Toss it if it’s 481 years old – but not if it’s a year older
Norway conserves archaeological finds from 1537, but not when they’re from 1538 or later. That means we know less about people’s everyday lives during the last 481 years.
These have been the rules since Norway set the protection limit for archaeological deposits in the country’s first cultural heritage law in 1905.
This law deemed that archaeological material originating before 1537 should be protected. Anything later was no big deal.
The date that was selected was anything but random.
The Protestant Reformation came to Norway in 1537, and with it, both the Middle Ages and a large part of the country’s self-determination disappeared. The Catholic Archbishop was key to providing a kind of balance of power between Norway and Denmark, but that soon ended when he was chased out of the country.
When the first Cultural Heritage Act was adopted as a new and independent Norway was being formed, the archaeological heritage and material history originating during Danish and Swedish rule weren’t seen as worthy of protection.

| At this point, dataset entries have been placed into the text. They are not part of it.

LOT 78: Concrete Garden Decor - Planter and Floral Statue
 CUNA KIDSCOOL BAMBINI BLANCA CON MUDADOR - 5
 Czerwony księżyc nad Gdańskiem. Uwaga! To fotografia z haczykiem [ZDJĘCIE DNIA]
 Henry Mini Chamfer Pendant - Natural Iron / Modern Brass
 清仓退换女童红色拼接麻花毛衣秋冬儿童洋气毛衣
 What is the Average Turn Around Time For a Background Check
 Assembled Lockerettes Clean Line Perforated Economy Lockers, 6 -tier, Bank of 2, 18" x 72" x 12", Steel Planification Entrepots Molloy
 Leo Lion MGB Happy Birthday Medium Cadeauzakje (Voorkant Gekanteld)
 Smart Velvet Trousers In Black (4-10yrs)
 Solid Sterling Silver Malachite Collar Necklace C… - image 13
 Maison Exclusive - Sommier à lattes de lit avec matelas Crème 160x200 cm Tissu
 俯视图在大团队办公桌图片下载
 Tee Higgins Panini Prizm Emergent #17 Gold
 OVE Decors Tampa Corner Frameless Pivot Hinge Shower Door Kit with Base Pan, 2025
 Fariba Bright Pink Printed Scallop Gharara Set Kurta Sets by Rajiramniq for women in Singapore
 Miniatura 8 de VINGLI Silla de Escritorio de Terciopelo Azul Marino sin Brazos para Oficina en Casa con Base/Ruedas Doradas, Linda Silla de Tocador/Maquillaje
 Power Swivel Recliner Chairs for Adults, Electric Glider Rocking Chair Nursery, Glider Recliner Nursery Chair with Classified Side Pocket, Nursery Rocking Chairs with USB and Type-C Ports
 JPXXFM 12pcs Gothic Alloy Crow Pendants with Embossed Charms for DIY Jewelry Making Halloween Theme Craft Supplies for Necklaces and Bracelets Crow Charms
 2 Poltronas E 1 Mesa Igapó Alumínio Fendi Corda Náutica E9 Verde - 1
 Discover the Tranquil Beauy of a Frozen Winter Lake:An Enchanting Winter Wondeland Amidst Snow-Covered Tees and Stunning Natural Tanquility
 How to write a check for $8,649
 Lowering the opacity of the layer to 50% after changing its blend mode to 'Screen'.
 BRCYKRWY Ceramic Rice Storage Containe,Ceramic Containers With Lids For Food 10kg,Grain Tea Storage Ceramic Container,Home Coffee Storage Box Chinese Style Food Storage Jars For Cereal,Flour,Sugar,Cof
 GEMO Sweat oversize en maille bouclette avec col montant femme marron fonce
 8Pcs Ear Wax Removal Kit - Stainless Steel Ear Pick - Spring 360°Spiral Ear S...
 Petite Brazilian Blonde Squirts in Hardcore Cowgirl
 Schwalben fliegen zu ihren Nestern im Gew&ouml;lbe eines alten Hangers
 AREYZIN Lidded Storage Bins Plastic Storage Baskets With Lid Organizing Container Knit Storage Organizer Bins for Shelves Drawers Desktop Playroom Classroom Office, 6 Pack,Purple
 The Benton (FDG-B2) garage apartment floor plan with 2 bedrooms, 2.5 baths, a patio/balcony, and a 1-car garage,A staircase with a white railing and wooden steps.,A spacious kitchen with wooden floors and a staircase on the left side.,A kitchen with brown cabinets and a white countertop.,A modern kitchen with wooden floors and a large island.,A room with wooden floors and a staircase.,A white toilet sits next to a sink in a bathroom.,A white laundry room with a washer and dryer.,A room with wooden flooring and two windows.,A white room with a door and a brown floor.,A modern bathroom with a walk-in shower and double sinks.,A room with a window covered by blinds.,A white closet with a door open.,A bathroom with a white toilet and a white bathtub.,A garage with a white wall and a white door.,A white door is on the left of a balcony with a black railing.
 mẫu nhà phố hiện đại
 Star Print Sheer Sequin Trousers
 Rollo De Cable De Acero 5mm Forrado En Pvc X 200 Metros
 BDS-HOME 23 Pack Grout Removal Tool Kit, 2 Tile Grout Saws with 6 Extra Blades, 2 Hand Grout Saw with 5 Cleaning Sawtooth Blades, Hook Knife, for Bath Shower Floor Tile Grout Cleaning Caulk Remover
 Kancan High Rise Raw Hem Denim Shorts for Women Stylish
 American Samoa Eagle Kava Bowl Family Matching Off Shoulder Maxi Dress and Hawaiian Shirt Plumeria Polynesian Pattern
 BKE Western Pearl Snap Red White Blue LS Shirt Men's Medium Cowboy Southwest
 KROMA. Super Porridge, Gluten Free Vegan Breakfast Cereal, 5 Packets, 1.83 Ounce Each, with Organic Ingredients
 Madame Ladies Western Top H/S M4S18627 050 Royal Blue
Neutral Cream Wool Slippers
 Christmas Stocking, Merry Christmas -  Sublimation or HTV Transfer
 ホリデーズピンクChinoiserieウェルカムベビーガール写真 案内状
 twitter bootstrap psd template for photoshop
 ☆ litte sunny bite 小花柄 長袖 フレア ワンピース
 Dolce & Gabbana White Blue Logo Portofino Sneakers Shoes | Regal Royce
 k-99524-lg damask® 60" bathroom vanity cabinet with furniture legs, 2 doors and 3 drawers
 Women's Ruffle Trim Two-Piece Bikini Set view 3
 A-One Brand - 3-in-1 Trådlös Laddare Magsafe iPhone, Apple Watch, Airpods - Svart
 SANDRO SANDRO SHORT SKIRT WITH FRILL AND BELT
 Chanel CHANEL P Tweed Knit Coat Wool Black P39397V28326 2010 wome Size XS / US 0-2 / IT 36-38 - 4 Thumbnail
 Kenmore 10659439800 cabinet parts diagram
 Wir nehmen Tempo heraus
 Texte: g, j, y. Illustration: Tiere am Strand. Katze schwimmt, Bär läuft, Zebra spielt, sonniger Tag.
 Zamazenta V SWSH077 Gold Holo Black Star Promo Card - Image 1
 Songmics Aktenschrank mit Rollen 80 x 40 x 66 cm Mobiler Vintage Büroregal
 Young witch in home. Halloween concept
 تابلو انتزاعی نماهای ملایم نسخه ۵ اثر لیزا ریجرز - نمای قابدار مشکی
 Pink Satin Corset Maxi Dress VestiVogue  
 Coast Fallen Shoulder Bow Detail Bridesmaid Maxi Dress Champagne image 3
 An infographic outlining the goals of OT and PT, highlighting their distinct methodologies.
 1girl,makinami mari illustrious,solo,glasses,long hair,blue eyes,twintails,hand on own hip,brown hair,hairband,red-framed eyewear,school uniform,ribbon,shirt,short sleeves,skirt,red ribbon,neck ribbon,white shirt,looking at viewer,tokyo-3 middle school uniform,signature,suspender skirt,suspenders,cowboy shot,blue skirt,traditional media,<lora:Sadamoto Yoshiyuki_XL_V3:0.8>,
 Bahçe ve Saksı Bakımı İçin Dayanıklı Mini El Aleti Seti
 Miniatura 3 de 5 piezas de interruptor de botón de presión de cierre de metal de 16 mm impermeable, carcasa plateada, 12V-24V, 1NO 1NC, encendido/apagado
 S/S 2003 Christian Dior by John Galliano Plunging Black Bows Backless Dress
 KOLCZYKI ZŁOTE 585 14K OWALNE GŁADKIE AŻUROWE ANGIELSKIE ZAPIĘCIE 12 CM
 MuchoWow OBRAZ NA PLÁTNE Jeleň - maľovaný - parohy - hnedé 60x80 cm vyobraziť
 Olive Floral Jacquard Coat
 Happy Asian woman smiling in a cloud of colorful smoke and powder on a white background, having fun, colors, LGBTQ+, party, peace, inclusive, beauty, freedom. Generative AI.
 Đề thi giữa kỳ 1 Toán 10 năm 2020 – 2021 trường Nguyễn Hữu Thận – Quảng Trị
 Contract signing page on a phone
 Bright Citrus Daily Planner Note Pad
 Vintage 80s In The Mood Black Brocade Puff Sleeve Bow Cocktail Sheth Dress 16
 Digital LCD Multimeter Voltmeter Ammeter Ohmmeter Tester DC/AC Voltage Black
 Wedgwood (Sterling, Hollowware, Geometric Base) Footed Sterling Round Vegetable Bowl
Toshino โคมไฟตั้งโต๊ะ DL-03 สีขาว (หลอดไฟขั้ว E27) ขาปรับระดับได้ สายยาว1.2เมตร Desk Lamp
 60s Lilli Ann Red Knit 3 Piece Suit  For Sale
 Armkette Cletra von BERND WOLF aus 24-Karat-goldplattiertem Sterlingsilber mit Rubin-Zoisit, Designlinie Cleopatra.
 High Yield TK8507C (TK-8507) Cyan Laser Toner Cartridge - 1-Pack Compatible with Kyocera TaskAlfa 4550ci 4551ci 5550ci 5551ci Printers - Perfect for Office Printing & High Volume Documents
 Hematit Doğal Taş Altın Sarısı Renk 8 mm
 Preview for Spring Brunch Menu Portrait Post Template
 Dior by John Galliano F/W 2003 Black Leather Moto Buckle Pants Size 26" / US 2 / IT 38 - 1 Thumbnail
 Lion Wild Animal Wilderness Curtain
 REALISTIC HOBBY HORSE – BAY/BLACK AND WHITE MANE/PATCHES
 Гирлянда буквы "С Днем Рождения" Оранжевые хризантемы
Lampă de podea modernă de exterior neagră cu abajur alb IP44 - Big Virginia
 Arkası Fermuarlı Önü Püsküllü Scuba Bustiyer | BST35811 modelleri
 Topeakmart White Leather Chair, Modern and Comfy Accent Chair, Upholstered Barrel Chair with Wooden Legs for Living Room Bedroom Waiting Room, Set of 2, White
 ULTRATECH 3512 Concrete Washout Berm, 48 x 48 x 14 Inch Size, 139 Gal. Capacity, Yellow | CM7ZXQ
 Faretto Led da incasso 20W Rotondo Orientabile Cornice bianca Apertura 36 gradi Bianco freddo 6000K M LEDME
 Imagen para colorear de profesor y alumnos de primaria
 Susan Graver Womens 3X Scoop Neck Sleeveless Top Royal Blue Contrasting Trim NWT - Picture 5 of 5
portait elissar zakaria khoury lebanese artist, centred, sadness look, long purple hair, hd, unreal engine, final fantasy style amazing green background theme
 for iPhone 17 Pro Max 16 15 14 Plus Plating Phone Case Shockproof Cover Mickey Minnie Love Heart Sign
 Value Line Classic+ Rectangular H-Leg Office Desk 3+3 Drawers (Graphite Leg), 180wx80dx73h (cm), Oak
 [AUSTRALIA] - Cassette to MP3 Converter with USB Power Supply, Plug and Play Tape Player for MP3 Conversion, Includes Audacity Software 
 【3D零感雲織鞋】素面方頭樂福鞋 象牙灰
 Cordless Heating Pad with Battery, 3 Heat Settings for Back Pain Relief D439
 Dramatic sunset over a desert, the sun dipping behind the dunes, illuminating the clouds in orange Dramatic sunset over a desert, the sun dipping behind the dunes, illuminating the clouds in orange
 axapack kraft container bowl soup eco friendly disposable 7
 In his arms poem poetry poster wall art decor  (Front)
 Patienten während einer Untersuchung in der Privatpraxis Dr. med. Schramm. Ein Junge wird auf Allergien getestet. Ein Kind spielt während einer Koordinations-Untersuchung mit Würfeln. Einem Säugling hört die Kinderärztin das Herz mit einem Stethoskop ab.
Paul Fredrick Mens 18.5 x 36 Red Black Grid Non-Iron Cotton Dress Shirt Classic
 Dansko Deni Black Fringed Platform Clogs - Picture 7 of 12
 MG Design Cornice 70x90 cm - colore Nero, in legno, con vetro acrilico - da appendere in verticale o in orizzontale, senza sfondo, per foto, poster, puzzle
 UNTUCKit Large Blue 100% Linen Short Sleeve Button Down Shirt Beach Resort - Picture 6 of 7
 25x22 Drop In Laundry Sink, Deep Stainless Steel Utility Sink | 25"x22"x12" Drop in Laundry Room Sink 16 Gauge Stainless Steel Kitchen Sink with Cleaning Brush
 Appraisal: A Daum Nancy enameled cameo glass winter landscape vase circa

“The individuals who designed the law had a perception of the Middle Ages as Norway’s golden age,” says Christopher McLees. He recently completed his doctoral degree at NTNU with a thesis that addresses this seemingly strange protection limit.
The age limit for buried archaeological deposits hasn’t changed since the original law was passed and remains part of Norway’s current cultural heritage law. McLees believes this is a problem.
The scope of historical knowledge that we are losing is steadily widening as the material remains of the lives of previous generations are being neglected and destroyed.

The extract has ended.